LPA chief executive Evelyn Richardson noted that while the disruption to live performance events caused by COVID-19 was the impetus for the code update, it is also designed to address future circumstances beyond the current pandemic.
She said: “We never previously had to envisage a situation where our entire industry was shut down across the country and globally for months on end, due to circumstances beyond our control, such as the public health response to the global pandemic.
“As we transition to living and working in a COVID-normal world, we obviously need to anticipate the possibility of more disruptions in the future, although they are more likely in the form of targeted and localised restrictions to contain any coronavirus outbreaks.”
The update includes a new section dealing with cancelled, rescheduled or significantly relocated events due to ‘intervening circumstances’.
The code sets out expectations regarding conduct and representations, communications to consumers, indicative timeframes for announcing new dates for postponed events, possible remedies, and timeframes for offering refunds.

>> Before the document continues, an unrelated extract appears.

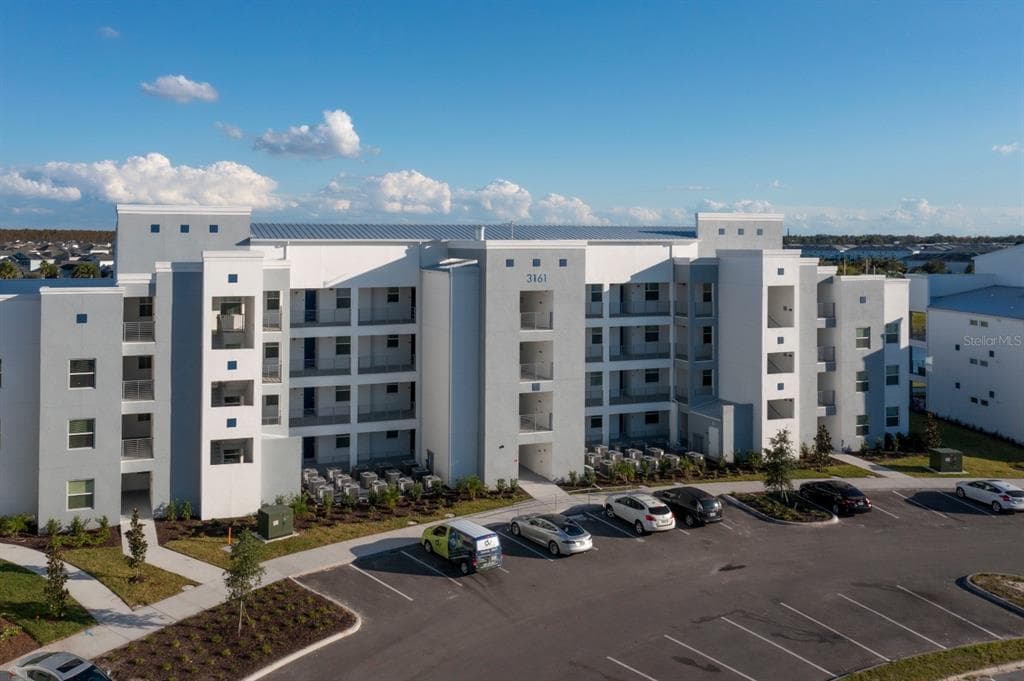 3161 PARADOX CIRCLE # 304, KISSIMMEE, FL 34746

“Our industry has faced incredible challenges this year in responding to the impact of the COVID-19 pandemic,” Richardson continued. “Venues were forced to close overnight, and performances had to be cancelled or rescheduled despite ongoing uncertainty about the duration and severity of public health restrictions in different jurisdictions.
“Our members have worked diligently on the rescheduling of events or processing of refunds amidst great uncertainty about when they can resume live performance events.
“We thank our audiences for their patience during this period, and also acknowledge the many ticket holders who have donated their ticket refunds to live performance companies in a gesture of support during this very difficult time for our performers, production crews and venues.”
The eighth edition of the industry code in Australia can be found here.
Earlier this year, LPA released a comprehensive set of COVID Safe guidelines to help the live performance industry prepare to reopen its venues and resume productions.
Australia is set to host its first arena shows since March this month as TEG and Live Nation have teamed up to co-promote two shows with more 12,000 fans.
Meanwhile, the newly formed South Australian Event Advisory Group will meet for the first time this week to help bolster the sector as the region reintroduces a number of “significant restrictions” in response to a coronavirus cluster.
The new advisory group includes representatives from the events, tourism, hospitality and business sectors, who will be working on building up the events and festivals calendar and driving visitation to South Australia.